Use cases are an increasingly popular technique for documenting system and software requirements. With their simple graphical notation and accessible natural-language specifications, use cases are attractive to development teams–even those with little experience in formal requirements specification. This simplicity can be deceptive, however. Although project teams have little trouble getting started with use cases, many of them encounter similar problems in applying them on a larger scale.

While learning from experience may be a powerful thing, it’s an expensive pedagogical technique in the business world. Your project team doesn’t have to experience the 10 most common pitfalls firsthand. I have four recommendations that will help prevent many of the common use-case pitfalls, and one recommendation that will help you detect and remove them.

Where’s the System?

Be explicit about the system boundary. The use-case model has a trivial notation. In its simplest form, it’s just a labeled box that indicates the system boundary, with actors (stick figures) drawn outside of this box and the use cases (labeled ellipses) inside. Lines or arrows connect the actors to the use cases.

The Top 10 Use-Case Pitfalls


1. The system boundary is undefined or inconstant.
2. The use cases are written from the system's (not the actors') point of view.
3. The actor names are inconsistent.
4. There are too many use cases.
5. The actor-to-use case relationships resemble a spider's web.
6. The use-case specifications are too long.
7. The use-case specifications are confusing.
8. The use case doesn't correctly describe functional entitlement.
9. The customer doesn't understand the use cases.
10. The use cases are never finished.

...


From Lilly, S., Use Case Pitfalls: Top 10 Problems from Real Projects Using Use Cases, Proceedings of TOOLS USA '99, IEEE Computer Society, 1999.

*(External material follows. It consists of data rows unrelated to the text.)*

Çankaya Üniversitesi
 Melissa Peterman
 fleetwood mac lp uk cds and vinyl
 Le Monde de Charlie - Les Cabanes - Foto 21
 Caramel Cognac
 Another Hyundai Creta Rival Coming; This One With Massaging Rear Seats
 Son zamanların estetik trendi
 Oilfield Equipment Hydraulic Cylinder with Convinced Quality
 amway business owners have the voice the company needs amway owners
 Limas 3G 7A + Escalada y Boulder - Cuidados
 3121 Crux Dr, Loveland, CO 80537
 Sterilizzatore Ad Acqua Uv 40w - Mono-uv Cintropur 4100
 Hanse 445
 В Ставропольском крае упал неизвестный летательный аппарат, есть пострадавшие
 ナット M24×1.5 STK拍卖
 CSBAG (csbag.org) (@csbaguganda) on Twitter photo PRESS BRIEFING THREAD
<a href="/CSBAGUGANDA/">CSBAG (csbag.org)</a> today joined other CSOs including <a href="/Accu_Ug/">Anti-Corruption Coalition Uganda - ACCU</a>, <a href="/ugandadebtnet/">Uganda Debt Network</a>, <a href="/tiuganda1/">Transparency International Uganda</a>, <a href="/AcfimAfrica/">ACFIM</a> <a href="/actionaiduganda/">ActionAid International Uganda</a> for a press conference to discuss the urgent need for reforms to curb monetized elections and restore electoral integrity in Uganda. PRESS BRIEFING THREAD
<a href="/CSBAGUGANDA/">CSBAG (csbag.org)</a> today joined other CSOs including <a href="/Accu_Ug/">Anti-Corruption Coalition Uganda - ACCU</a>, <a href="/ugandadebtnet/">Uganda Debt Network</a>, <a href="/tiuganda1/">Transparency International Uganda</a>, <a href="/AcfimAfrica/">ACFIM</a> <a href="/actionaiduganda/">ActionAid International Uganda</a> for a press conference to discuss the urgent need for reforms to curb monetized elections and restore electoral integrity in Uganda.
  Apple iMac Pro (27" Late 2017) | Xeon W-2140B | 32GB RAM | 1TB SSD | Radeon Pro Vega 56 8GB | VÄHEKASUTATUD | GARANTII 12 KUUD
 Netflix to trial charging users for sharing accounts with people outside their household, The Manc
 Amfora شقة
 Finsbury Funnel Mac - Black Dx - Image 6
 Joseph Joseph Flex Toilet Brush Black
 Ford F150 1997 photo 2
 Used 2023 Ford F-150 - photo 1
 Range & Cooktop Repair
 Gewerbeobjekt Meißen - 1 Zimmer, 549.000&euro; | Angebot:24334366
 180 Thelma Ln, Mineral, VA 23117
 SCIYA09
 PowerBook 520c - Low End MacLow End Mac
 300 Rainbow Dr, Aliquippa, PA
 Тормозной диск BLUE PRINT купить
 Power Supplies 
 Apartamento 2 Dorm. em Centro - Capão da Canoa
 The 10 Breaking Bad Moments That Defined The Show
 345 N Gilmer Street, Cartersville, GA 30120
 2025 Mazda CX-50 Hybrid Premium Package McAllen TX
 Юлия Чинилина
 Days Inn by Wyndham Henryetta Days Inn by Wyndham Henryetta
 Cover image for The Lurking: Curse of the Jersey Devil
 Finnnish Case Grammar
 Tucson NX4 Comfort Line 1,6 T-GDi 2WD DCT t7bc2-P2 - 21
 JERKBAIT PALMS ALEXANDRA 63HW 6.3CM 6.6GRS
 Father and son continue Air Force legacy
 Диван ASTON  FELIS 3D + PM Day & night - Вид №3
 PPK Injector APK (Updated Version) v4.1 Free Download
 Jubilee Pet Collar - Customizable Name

But what is this labeled box that we call the system? Are we talking about a computer system? An application? A subsystem? Or a whole business enterprise? Use cases might legitimately be used to describe any of these system boundaries. However, they should only focus on one at a time. The actors and use cases appropriate at one system boundary are likely to be incorrect for a different system boundary.

Let’s look at an example from a baseball ticket ordering system. A Kiosk Customer uses the computer system to order tickets, or a Phone Customer calls an 800 number for the ticket business and a Phone Clerk (an employee of the ticket business) uses the computer system to order tickets. Who are the actors? In a use-case diagram with a mixed-up system boundary, the modelers try to show both the users of the business and the users of the computer system in the same use-case model. The textual specification of the Order Tickets use case also becomes muddled: The set of interactions between the Phone Customer and the business is different from the set of interactions between the other actors and the computer system.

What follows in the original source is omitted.